BEGIN

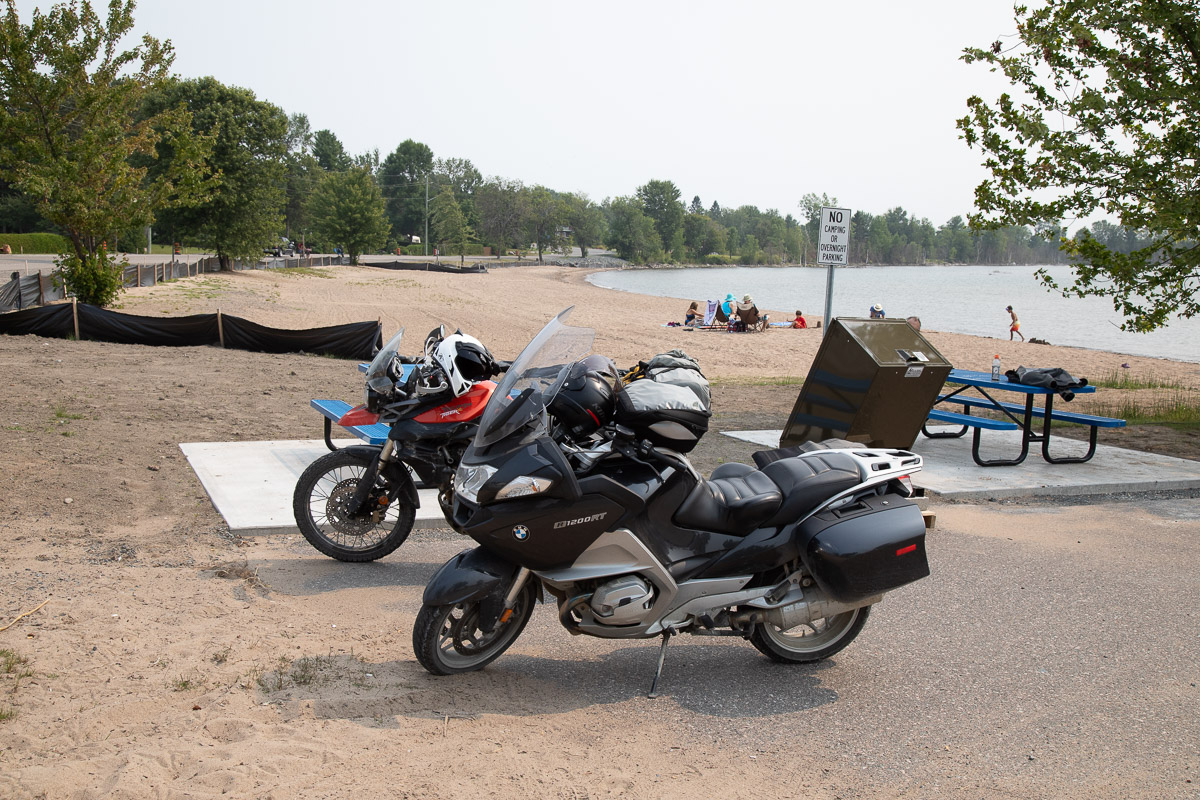 Two motorcycles parked on a sandy beach along a lake's edge on a summer day. 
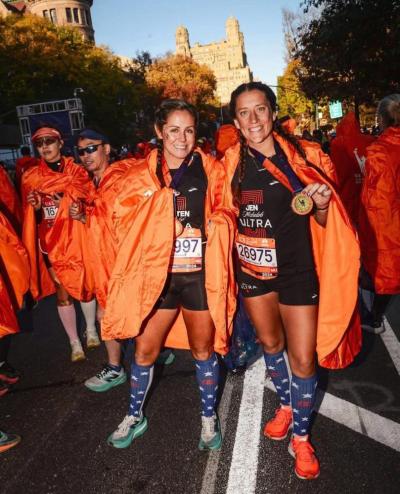 Pease after crossing the finish line of the NYC Marathon in November of 2024 with her running partner, Kristen Wingate.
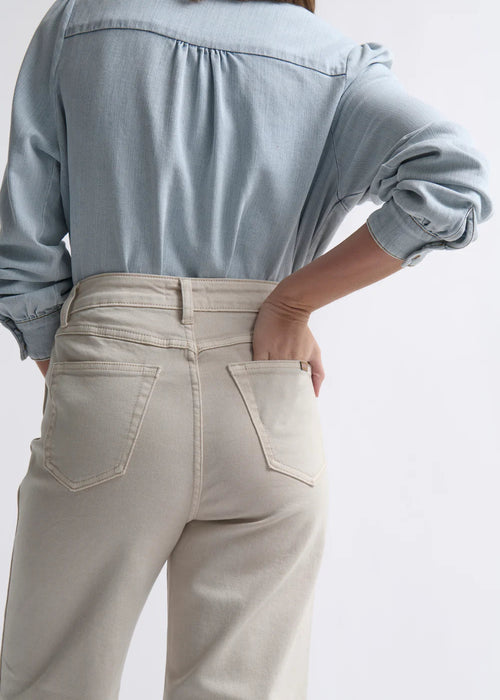 Woman wearing a light blue shirt and beige pants on a white background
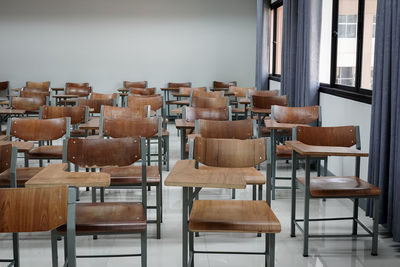 Empty chairs and table in classroom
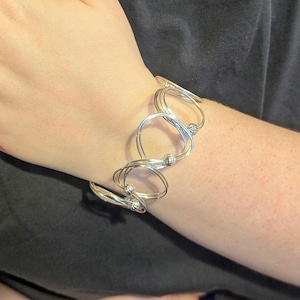 Könnte beinhalten: Silberarmband mit mehreren ineinander verschlungenen Kreisen und kleinen silbernen Perlen.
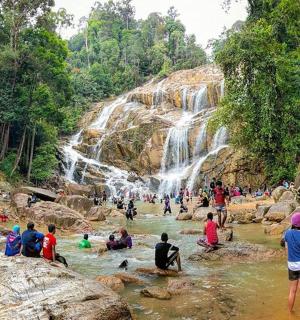 一群人在有瀑布的河流中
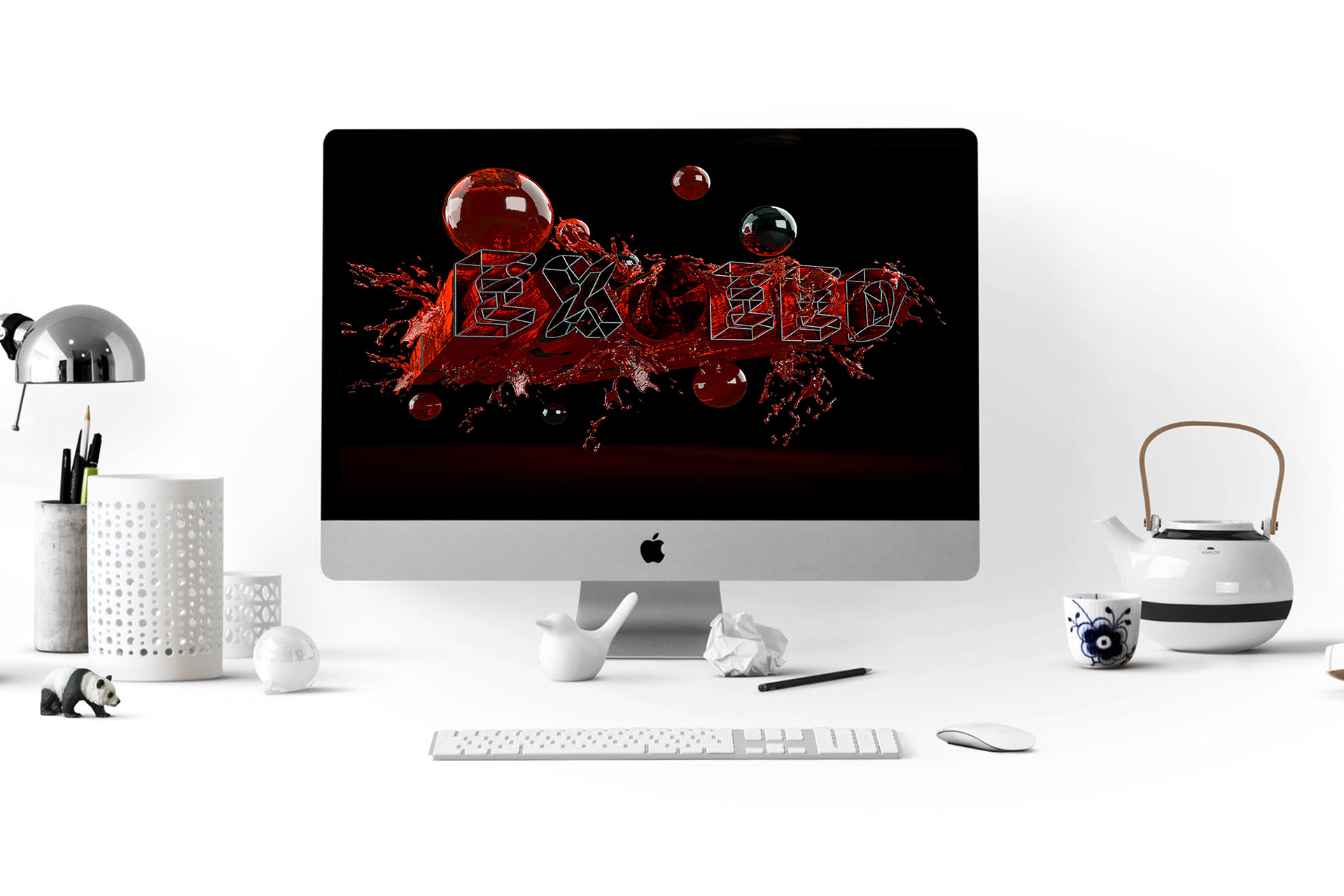 Mac screen with a 3D typography design created with adobe dimension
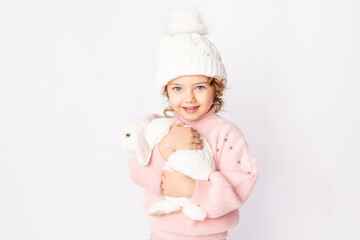 happy child girl on a white isolated background with a Christmas bunny in her hands in a pink sweater and hat smiling, space for text
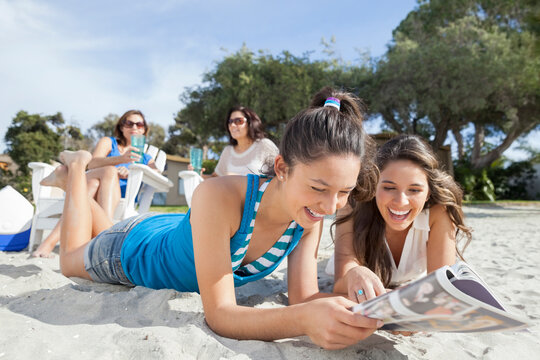 Sisters Lying On Beach Reading Magazine With Mom And Aunt In Background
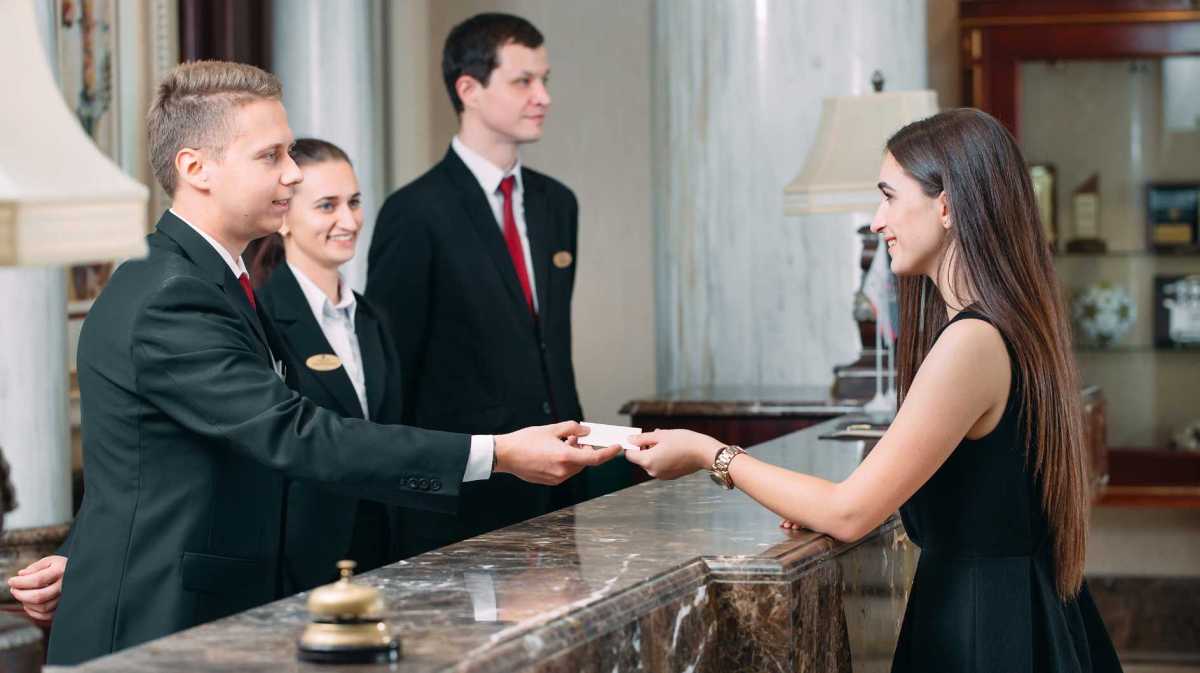 Frau checkt im Hotel ein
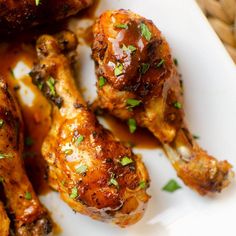 grilled chicken legs covered in sauce and garnished with parsley on a white plate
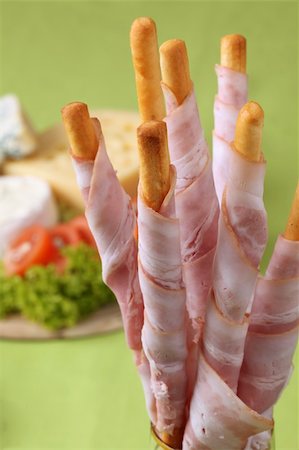 simsearch:400-06741554,k - Bacon wrapped grissini breadsticks and cheese board in background Foto de stock - Royalty-Free Super Valor e Assinatura, Número: 400-05198265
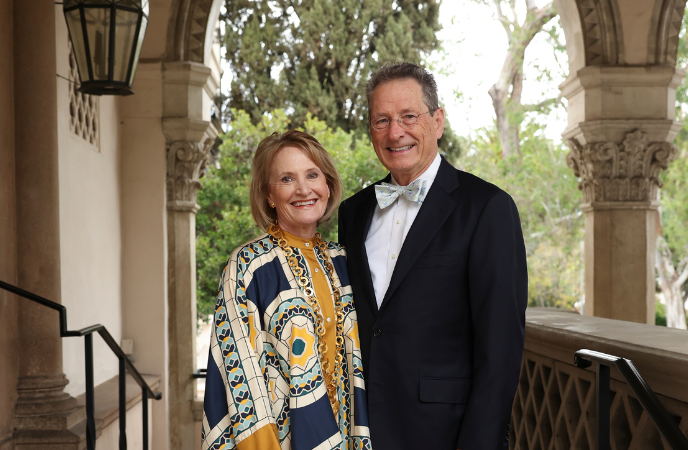 An older couple dressed in black tie attire stands under an arch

END

** Work instruction **
A clean copy is needed of the lines above from the one with "一群人在有瀑布的河流中" up to and including the one with "Frau checkt im Hotel ein". Please set it down exactly, with no pictures.

** Response below **
 一群人在有瀑布的河流中
 Mac screen with a 3D typography design created with adobe dimension
 happy child girl on a white isolated background with a Christmas bunny in her hands in a pink sweater and hat smiling, space for text
 Sisters Lying On Beach Reading Magazine With Mom And Aunt In Background
 Frau checkt im Hotel ein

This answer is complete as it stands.